Kinder und Jugendliche galten während der Corona-Krise als größte Verlierer. Die Vermutung, die viele hatten, hat sich mittlerweile längst bestätigt: Laut RKI-Protokollen waren Kinder „keine wichtigen Glieder“ in Transmissionsketten. Das RKI hielt nur in „besonders betroffenen Gebieten“ Schulschließungen für sinnvoll. Doch die Politik wollte es anders. Markus Söder (CSU) und Michael Kretschmer (CDU) forderten Schulschließungen.
Erst nach der großen Wende Mitte März zieht das RKI nach. In „Analogie zur Influenza“ machten Schulschließungen Sinn. Man nahm Bezug auf eine Publikation von Christian Drosten, die die Effektivität von Schulschließungen modellierte. Von Gesundheitsminister Jens Spahn kam direkter Druck: In die Risikoeinschätzung für Großveranstaltungen müsse eine Passage zu Schulschließungen rein.
Doch es war nicht das letzte Mal, dass das Kindeswohl hinter politischen Interessen und Profilierungssucht zurückstecken musste. Die WELT hat mit einem Mitglied der Ständigen Impfkommission (Stiko) gesprochen. Das will – aus guten Gründen – anonym bleiben. Er bezeichnet der Zeitung gegenüber die Kinderimpfung als medizinisch überflüssig.

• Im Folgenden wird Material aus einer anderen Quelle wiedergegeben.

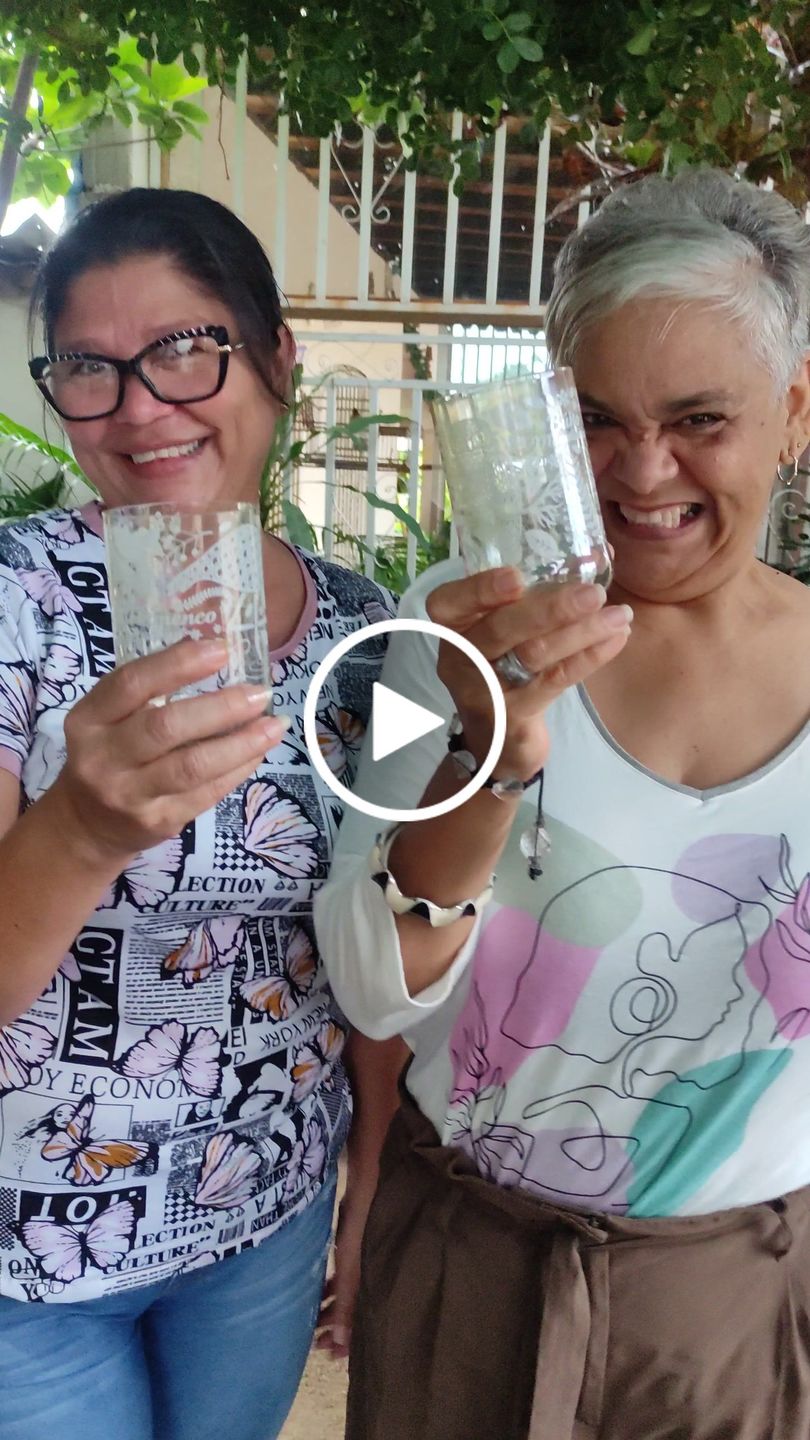 Customer video review of Aves de Chile Juego de 4 Vasos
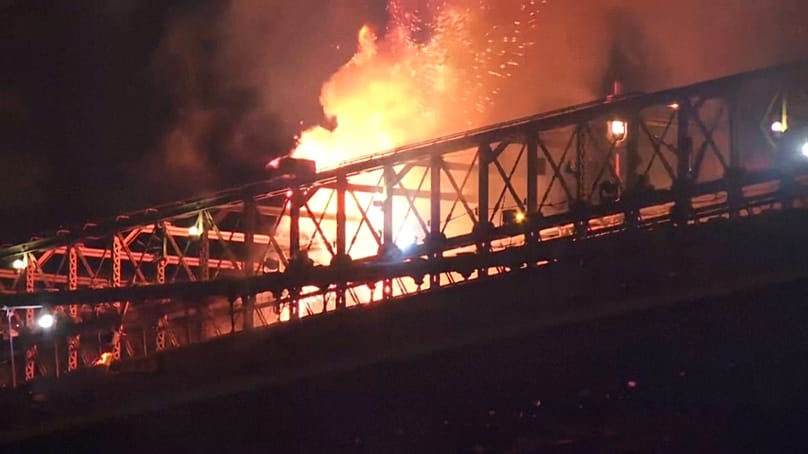 Incêndio na Ponte de Brooklyn durante o espetáculo do Dia da Independência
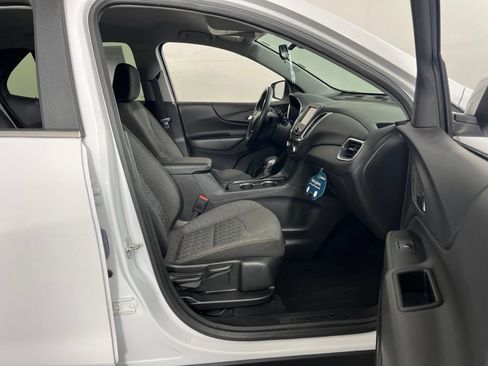 Certified 2024 Chevrolet Equinox LT AWD/4WD image 10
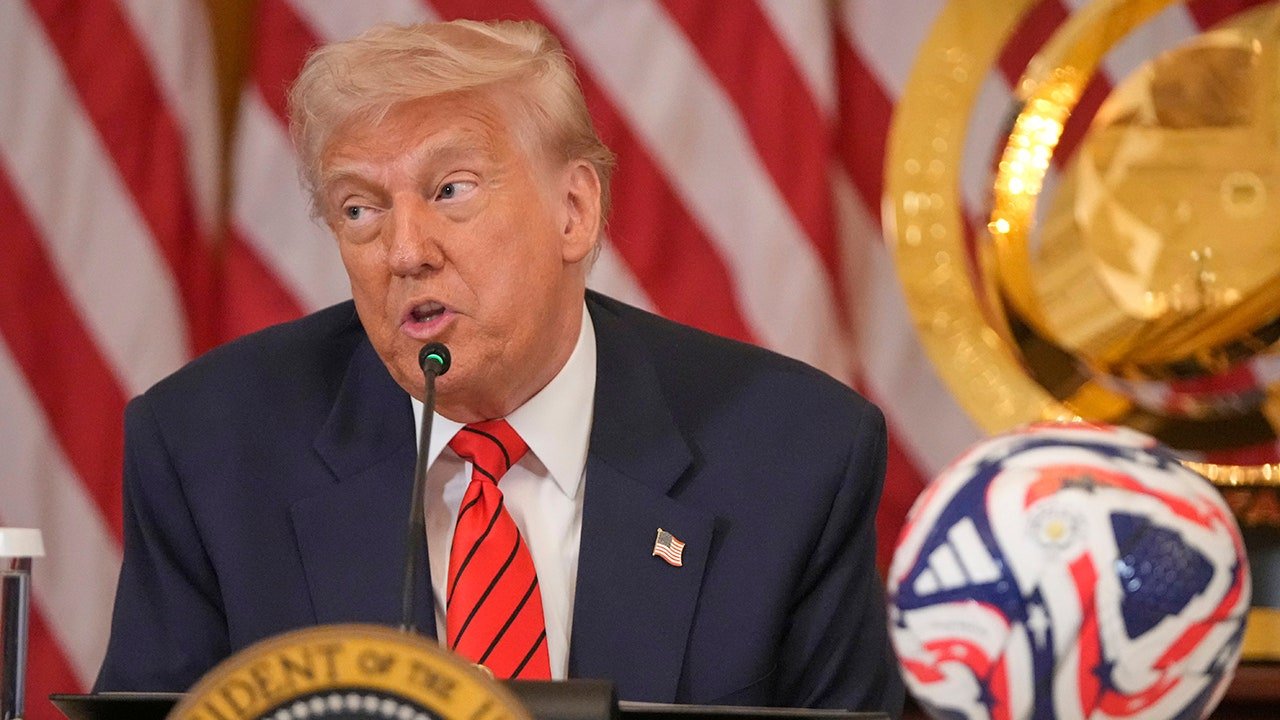 Federal appeals court pauses block on Trump's tariffs pending review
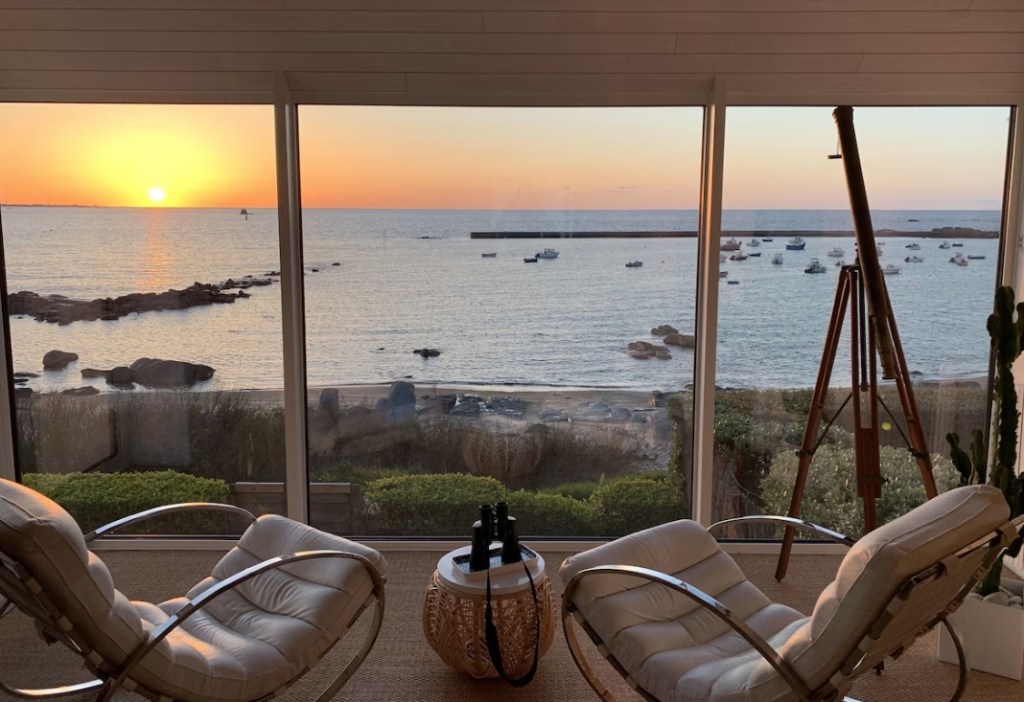 &lsquo;LE PARADIS BLEU&rsquo; maison &nbsp;&raquo; les pieds dans l&rsquo;eau&nbsp;&raquo;Plouescat, Bretagne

Wir erinnern uns: Obwohl das RKI sehr wohl wusste, welche Rolle Kinder spielten, wurde in der Öffentlichkeit, ob von Politik oder Medien, ein komplett anderes Bild vermittelt. Jan Böhmermann durfte sich sogar einen Spaß machen, Kinder in einer Sendung mit Pestratten zu vergleichen, weil das linke Juste Milieu so überzeugt von dieser Desinformation war, dass es seinem Lieblingshetzer den Spaß erlaubte.
Dabei wusste nicht nur das RKI, sondern wussten auch andere Sachverständige, dass Kinder mitnichten Treiber des Infektionsgeschehens waren. Experten legten der Bundesregierung bereits bei den Beratungen zur „Bundesnotbremse“ 2021 Belege vor, dass Kinder eine untergeordnete Rolle spielten. Interessiert hat das damals auch im Bundestag kaum jemanden.

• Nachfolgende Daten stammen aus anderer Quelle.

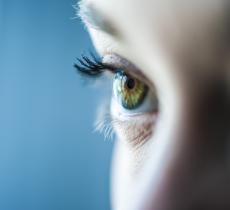 Perché in estate aumentano i disturbi della vista 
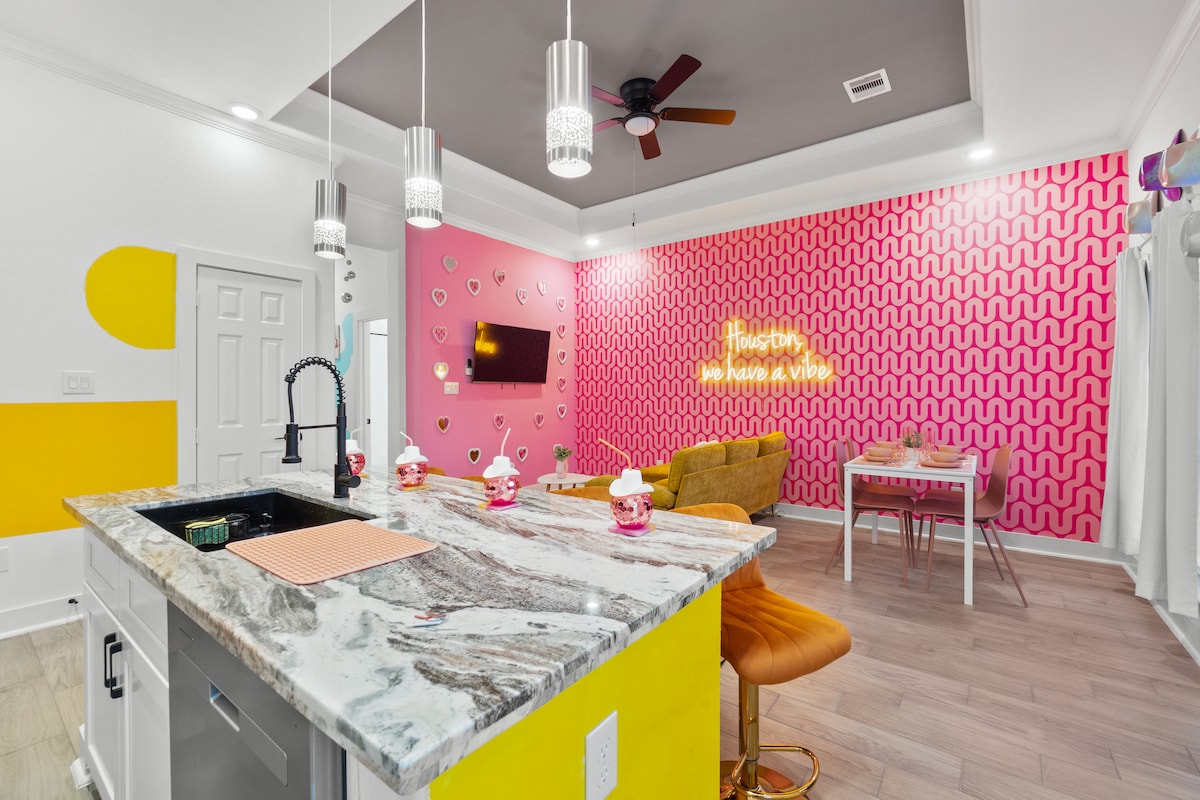 Popular Airbnb listing: GirlyPad |FIFA’26 |10 min from NRG Stadium in Greater Fifth Ward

Insofern stand auch früh das Thema der Kinderimpfung auf dem Programm. Schon am 19. Mai forderte Jens Spahn genau das. Dabei sprach der Gesundheitsminister sogar ganz konkret aus, dass die Stiko die Impfung nicht empfahl. Stiko-Chef Thomas Mertens hielt dagegen („werde keine Bonbons verteilen“). Im Dezember 2021 erklärte Mertens, er werde sein siebenjähriges Kind nicht impfen lassen.
Daraufhin setzte eine regelrechte Kampagne an. Die Süddeutsche Zeitung sprach von „gefährlichen Sätzen“. Söder kritisierte Mertens’ Aussage als „seltsam“, sie lege eine „Befangenheit“ nahe. Söder setzte sich zum selben Zeitpunkt für eine Impfpflicht von Kindern ab 12 Jahre ein. Nordrhein-Westfalens Familienminister Joachim Stamp (FDP) sagte, er sei sich „nicht sicher, ob man in einer Pandemie mit der Stiko, so wie sie aufgestellt ist, dauerhaft arbeiten kann“.
Schließlich knickte die Stiko ein, nachdem selbst die Bundeszentrale für gesundheitliche Aufklärung mit einem Merkblatt für die Kinderimpfung in die Flanke der Kommission fuhr. Mertens nahm seine Aussage zurück, es gab eine Empfehlung für den Booster ab zwölf Jahren. Es war Januar 2022, als die Omikron-Variante „wütete“; obwohl jedem klar war, dass es sich um eine deutlich mildere Variante handelte. Erst knapp ein Jahr später, am 7. Dezember, zog die Stiko ihre Empfehlung wieder zurück.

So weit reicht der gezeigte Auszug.